If you are considering a divorce by publication because you don’t know your spouse’s whereabouts, learn all of your options in this article.
You have not seen nor had contact with your spouse in years. You have now made the decision to legally divorce that spouse. What do you need to do to get a divorce by publication?
Here is a scenario: You dated Joey who was your “soul mate” during high school. The two of you plan out your future and at age eighteen, you get married. Too soon, Joey begins to stray and spends much more time at bars with his friends than he does with you and has even found other lovers by the time he reaches twenty-one.
Thankfully, the two of you have no children and decide to separate. Joey disappears…ten years later, you have essentially forgotten about Joey. Then Charles enters your life; you, this time, are much more mature and realize what true love is and when Charles asks you to marry him, you automatically say, “Yes.” Then you remember that you never divorced Joey and have absolutely no idea where he is. You are still legally married to Joey and cannot marry Charles. What are your options?
Unfortunately, you cannot simply sign a piece of paper and file it at a courthouse to obtain a divorce by publication. The process is much more complicated. You must take a number of steps and that process can take a while. Most importantly, you should contact a competent family law attorney to ensure you are following the correct procedures.

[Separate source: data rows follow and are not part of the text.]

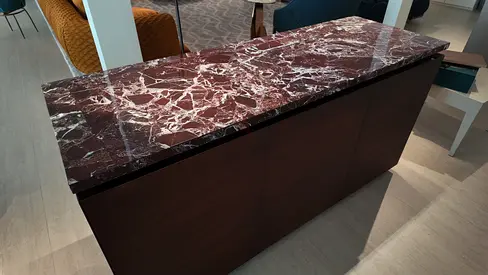 Kitchen Island Luxury Statement Piece: Bespoke Red Marble Kitchen Island Console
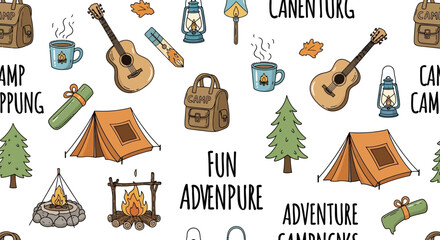 Camping adventure seamless pattern with tents guitars and campfires.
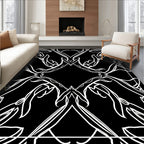 Black White Abstract Floral Pattern Rug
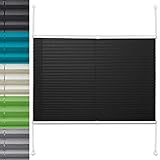 Office Marshal Plissee Rollo/Jalousie | Sichtschutz ohne Bohren, Klemmfix | Faltstore in moderner Crushed Optik | Schwarz | Größe wählbar (100 cm Länge x 65 cm Breite)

Your attorney will first file your divorce petition and other documents with the court, and your spouse must be served with the documents. You will then have to make “reasonable efforts” to find him or her. What constitutes a reasonable effort? This would include calling friends and family members of your spouse to inquire as to his or her whereabouts, checking social media websites, hiring a private investigator, conducting a skip trace, and checking public records.
After you have taken as many “reasonable efforts” as possible, you can then move forward with notifying the court that you need to exercise some type of alternative service to serve your spouse. The Court will rule on your motion and usually provide you with some directives on how to service your spouse. In Alabama, the Court will, most likely, allow you to serve the spouse by publication.
An Alabama Court will require an affidavit from you “averring that service of summons or other process cannot be made either because the residence is unknown to the affiant and cannot with reasonable diligence be ascertained, or the identity of the defendant is unknown, or, the resident defendant has been absent for more than thirty (30) days since the filing of the complaint, or, the defendant avoids service, averring facts showing such avoidance.”
To be eligible for a divorce by publication, you are required to complete and submit an Affidavit of Diligent Search to the Court. In this document, you should clearly outline all of the actions you have previously attempted to locate your spouse—essentially, you must prove to the Court that you cannot find him or her.
With the Court’s permission, you can then proceed with filing for divorce by publication. The clerk of the Court directs that the service of notice be made by publication in a newspaper of general circulation in the county in which the divorce complaint is filed. If no newspaper of general circulation is available in that county, then publication should be made in a newspaper of general circulation in an adjoining Alabama county. Said service must be published once a week for four (4) consecutive weeks. Service to your spouse is considered complete at the date of the last week’s entry of publication. However, please note that this type of service is limited as to what it can legally accomplish. For example, you can be awarded child custody–but not child support.
Furthermore, the Court will not transfer property when your missing spouse is served by publication. Your attorney will review all of the legal ramifications associated with service by publication.
After the last publication notice, your attorney should file an affidavit from the newspaper with the Court proving that the notice was published as directed by law. Thirty days later, your attorney will file a document with the Court noting that your missing spouse is in default for not answering your Petition for Divorce. The Court should then set a hearing to review your case.
Divorce by publication in Alabama is not a swift procedure. From start to finish, the process takes approximately four (4) months, at best. Hiring a compete family attorney is the key to the success of this endeavor.